Editor’s note: The writer, Mansour Salsabili, is on leave from Iran’s Ministry of Foreign Affairs. A senior political expert, he is a research fellow at Harvard Kennedy School’s Belfer Center for Science and International Affairs. He participated in a number of efforts ranging from UN reforms to the Non-Aligned Movement. The views expressed are entirely his own.

CAMBRIDGE, Massachusetts — Continuing to insist on sanctions against Iran will produce a bad deal for America.

Why? Because this week Iran is putting on the table in Baghdad a number of concrete and tension-reducing offers in response to the earlier requests of EU foreign policy chief Catherine Ashton.

These offers will have the strong support of Russia and China, and may attract positive votes from other European delegations as well. This will leave the US administration, which cannot force Congress to end sanctions, in the corner and in a passive position in any future talks.

In the second round of the current negotiation — between Iran and the five members of the UN Security Council plus Germany — any forward looking plan will need to be comprehensive, including all aspects of a final deal. However a comprehensive approach cannot be implemented in a single shot or in haste, but rather in a step-by-step process that produces concrete results for each step in turn.
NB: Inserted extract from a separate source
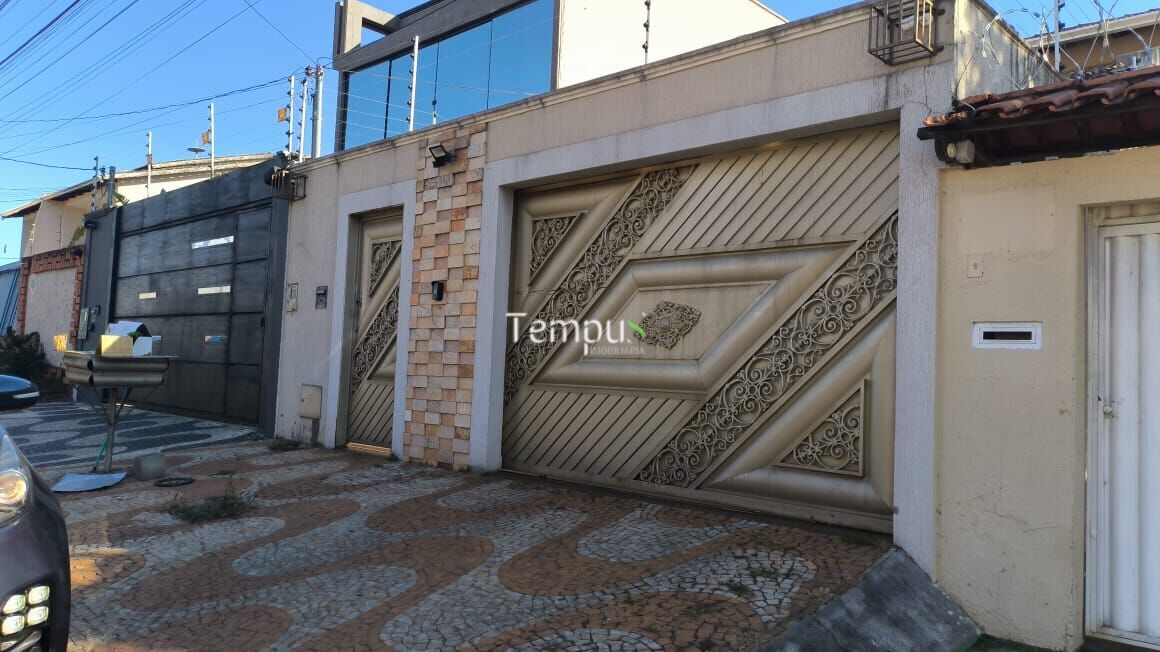Casa para alugar com 3 quartos, 170m² - Foto 2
The final deal may commence from particular unresolved issues involving the Iranian nuclear program and then extend to more general questions of regional cooperation and even peace in the Middle East.
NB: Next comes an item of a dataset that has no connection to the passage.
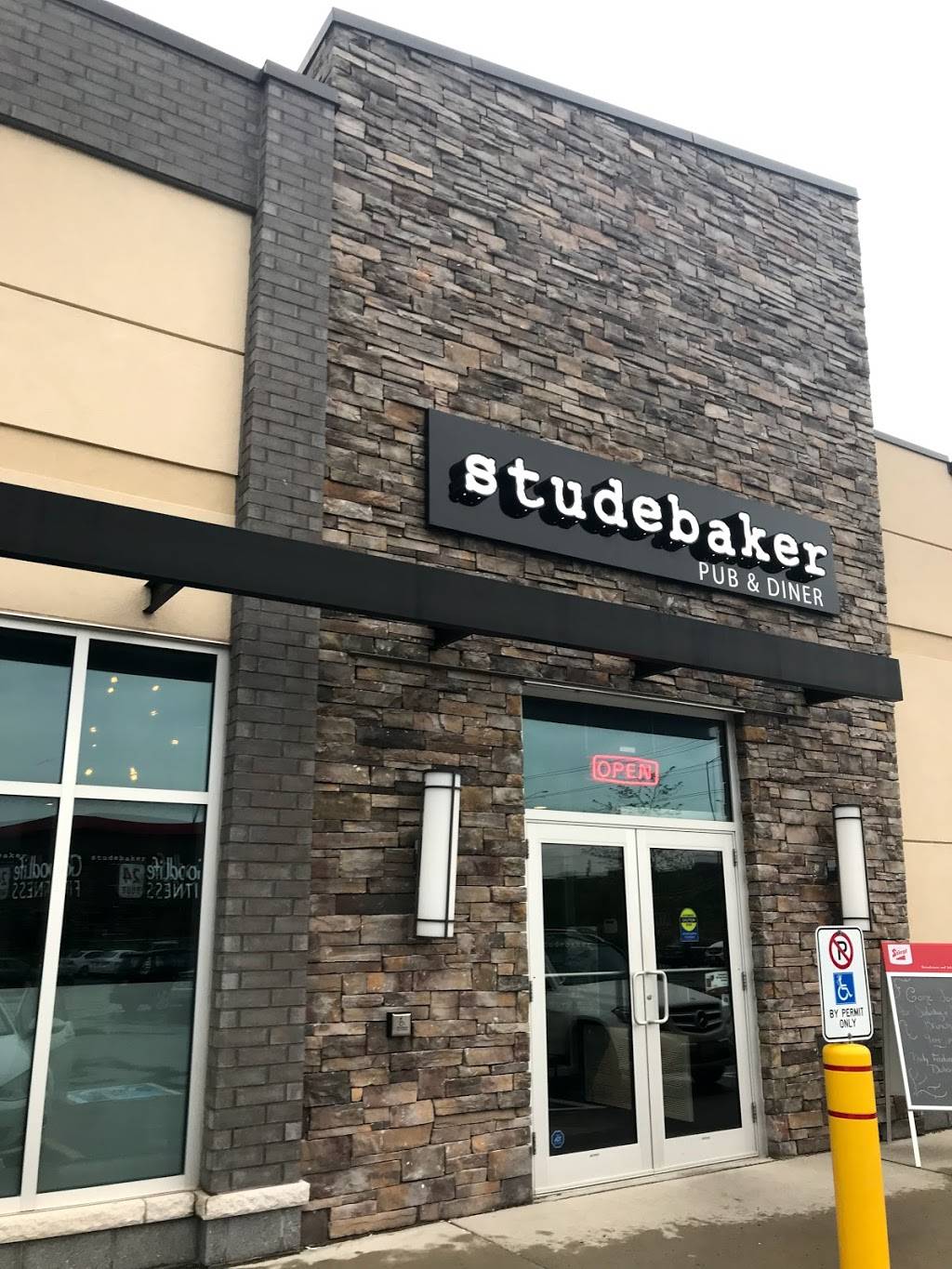studebaker | restaurant | 2535 Appleby Line, Burlington, ON L7L 0B6, Canada | 9053317878 OR +1 905-331-7878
The success of the April 14 meeting in Istanbul between the six world powers and Iran was based on acceptance of the Non-Proliferation Treaty as a basic framework for the negotiation. The crucial point in this agreement is how to manage technical assurances to secure nonproliferation, without constraining Iran’s inalienable right to peaceful use of nuclear energy. This is possible only through mutual confidence building — something that was left in disarray in past efforts at negotiation.
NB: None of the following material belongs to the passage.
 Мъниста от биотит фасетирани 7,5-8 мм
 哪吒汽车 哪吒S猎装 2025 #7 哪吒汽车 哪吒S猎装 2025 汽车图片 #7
The first way to secure mutual confidence is to avert confrontation to focus on collaboration: Cooperative and not confrontational behavior is needed to prepare a constructive, sustainable and encouraging environment. It is counter-productive to prejudge Iran as a proliferator and expect Tehran to cooperate. No one should expect Iran to sacrifice its sovereignty and its right to enrichment for peaceful nuclear uses in response to unsubstantiated allegations.

Here the vital task is clarifying and resolving in this case the inherent tension between the Non-Proliferation Treaty’s prohibition on proliferation and provision of the right to nuclear energy. This is not an easy job.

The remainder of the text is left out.